Exercise ->
Give back the records in full, with every line exactly as it was.

(Stored items)

****************************************

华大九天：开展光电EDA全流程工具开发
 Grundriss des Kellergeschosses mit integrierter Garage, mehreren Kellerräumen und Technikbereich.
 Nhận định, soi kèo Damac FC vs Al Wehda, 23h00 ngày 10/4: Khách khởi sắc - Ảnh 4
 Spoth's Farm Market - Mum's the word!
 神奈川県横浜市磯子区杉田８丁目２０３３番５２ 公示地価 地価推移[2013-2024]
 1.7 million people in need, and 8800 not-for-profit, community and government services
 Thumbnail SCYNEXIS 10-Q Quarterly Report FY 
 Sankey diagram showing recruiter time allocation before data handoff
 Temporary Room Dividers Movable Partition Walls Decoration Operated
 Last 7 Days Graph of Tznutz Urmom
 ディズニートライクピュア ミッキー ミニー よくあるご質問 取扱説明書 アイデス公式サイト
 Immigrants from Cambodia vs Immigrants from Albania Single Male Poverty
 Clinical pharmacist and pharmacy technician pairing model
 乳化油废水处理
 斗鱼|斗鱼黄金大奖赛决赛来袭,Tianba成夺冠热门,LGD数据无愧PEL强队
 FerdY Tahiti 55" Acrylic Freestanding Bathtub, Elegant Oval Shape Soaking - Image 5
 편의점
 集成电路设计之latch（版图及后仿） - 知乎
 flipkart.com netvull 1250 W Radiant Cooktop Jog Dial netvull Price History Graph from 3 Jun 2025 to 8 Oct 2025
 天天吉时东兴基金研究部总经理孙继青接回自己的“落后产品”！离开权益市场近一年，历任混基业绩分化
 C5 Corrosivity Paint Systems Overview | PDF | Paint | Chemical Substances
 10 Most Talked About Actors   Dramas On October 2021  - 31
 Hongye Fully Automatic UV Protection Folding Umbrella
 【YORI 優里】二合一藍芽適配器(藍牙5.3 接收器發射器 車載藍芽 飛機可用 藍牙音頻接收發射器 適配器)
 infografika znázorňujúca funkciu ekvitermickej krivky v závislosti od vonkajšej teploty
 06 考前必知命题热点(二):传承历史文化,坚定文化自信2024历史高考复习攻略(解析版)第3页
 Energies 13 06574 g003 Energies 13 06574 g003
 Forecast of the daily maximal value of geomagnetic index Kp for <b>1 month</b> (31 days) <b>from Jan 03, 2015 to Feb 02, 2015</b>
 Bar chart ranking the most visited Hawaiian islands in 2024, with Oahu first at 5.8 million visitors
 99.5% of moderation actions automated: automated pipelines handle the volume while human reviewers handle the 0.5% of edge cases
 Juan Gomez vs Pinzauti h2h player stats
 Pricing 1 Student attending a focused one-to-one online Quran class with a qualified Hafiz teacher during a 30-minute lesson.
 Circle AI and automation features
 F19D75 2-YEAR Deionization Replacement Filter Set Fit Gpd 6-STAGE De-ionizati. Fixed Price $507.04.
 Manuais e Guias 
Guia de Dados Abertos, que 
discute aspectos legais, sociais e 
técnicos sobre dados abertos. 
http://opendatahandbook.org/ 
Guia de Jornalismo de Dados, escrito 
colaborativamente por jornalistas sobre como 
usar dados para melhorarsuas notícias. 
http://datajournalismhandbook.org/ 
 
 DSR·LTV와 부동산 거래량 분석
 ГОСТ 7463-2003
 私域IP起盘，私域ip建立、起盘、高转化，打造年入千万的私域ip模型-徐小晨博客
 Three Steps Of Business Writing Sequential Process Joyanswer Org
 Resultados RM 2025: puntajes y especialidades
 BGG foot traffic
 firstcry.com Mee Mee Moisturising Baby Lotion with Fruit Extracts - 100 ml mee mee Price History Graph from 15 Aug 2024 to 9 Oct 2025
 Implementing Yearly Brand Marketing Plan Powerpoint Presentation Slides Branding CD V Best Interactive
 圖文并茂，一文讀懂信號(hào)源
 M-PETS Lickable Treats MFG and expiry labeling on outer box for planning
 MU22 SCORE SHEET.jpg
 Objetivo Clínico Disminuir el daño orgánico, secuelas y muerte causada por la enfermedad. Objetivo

****************************************

Exercise output ->
华大九天：开展光电EDA全流程工具开发
 Grundriss des Kellergeschosses mit integrierter Garage, mehreren Kellerräumen und Technikbereich.
 Nhận định, soi kèo Damac FC vs Al Wehda, 23h00 ngày 10/4: Khách khởi sắc - Ảnh 4
 Spoth's Farm Market - Mum's the word!
 神奈川県横浜市磯子区杉田８丁目２０３３番５２ 公示地価 地価推移[2013-2024]
 1.7 million people in need, and 8800 not-for-profit, community and government services
 Thumbnail SCYNEXIS 10-Q Quarterly Report FY 
 Sankey diagram showing recruiter time allocation before data handoff
 Temporary Room Dividers Movable Partition Walls Decoration Operated
 Last 7 Days Graph of Tznutz Urmom
 ディズニートライクピュア ミッキー ミニー よくあるご質問 取扱説明書 アイデス公式サイト
 Immigrants from Cambodia vs Immigrants from Albania Single Male Poverty
 Clinical pharmacist and pharmacy technician pairing model
 乳化油废水处理
 斗鱼|斗鱼黄金大奖赛决赛来袭,Tianba成夺冠热门,LGD数据无愧PEL强队
 FerdY Tahiti 55" Acrylic Freestanding Bathtub, Elegant Oval Shape Soaking - Image 5
 편의점
 集成电路设计之latch（版图及后仿） - 知乎
 flipkart.com netvull 1250 W Radiant Cooktop Jog Dial netvull Price History Graph from 3 Jun 2025 to 8 Oct 2025
 天天吉时东兴基金研究部总经理孙继青接回自己的“落后产品”！离开权益市场近一年，历任混基业绩分化
 C5 Corrosivity Paint Systems Overview | PDF | Paint | Chemical Substances
 10 Most Talked About Actors   Dramas On October 2021  - 31
 Hongye Fully Automatic UV Protection Folding Umbrella
 【YORI 優里】二合一藍芽適配器(藍牙5.3 接收器發射器 車載藍芽 飛機可用 藍牙音頻接收發射器 適配器)
 infografika znázorňujúca funkciu ekvitermickej krivky v závislosti od vonkajšej teploty
 06 考前必知命题热点(二):传承历史文化,坚定文化自信2024历史高考复习攻略(解析版)第3页
 Energies 13 06574 g003 Energies 13 06574 g003
 Forecast of the daily maximal value of geomagnetic index Kp for <b>1 month</b> (31 days) <b>from Jan 03, 2015 to Feb 02, 2015</b>
 Bar chart ranking the most visited Hawaiian islands in 2024, with Oahu first at 5.8 million visitors
 99.5% of moderation actions automated: automated pipelines handle the volume while human reviewers handle the 0.5% of edge cases
 Juan Gomez vs Pinzauti h2h player stats
 Pricing 1 Student attending a focused one-to-one online Quran class with a qualified Hafiz teacher during a 30-minute lesson.
 Circle AI and automation features
 F19D75 2-YEAR Deionization Replacement Filter Set Fit Gpd 6-STAGE De-ionizati. Fixed Price $507.04.
 Manuais e Guias 
Guia de Dados Abertos, que 
discute aspectos legais, sociais e 
técnicos sobre dados abertos. 
http://opendatahandbook.org/ 
Guia de Jornalismo de Dados, escrito 
colaborativamente por jornalistas sobre como 
usar dados para melhorarsuas notícias. 
http://datajournalismhandbook.org/ 
 
 DSR·LTV와 부동산 거래량 분석
 ГОСТ 7463-2003
 私域IP起盘，私域ip建立、起盘、高转化，打造年入千万的私域ip模型-徐小晨博客
 Three Steps Of Business Writing Sequential Process Joyanswer Org
 Resultados RM 2025: puntajes y especialidades
 BGG foot traffic
 firstcry.com Mee Mee Moisturising Baby Lotion with Fruit Extracts - 100 ml mee mee Price History Graph from 15 Aug 2024 to 9 Oct 2025
 Implementing Yearly Brand Marketing Plan Powerpoint Presentation Slides Branding CD V Best Interactive
 圖文并茂，一文讀懂信號(hào)源
 M-PETS Lickable Treats MFG and expiry labeling on outer box for planning
 MU22 SCORE SHEET.jpg
 Objetivo Clínico Disminuir el daño orgánico, secuelas y muerte causada por la enfermedad. Objetivo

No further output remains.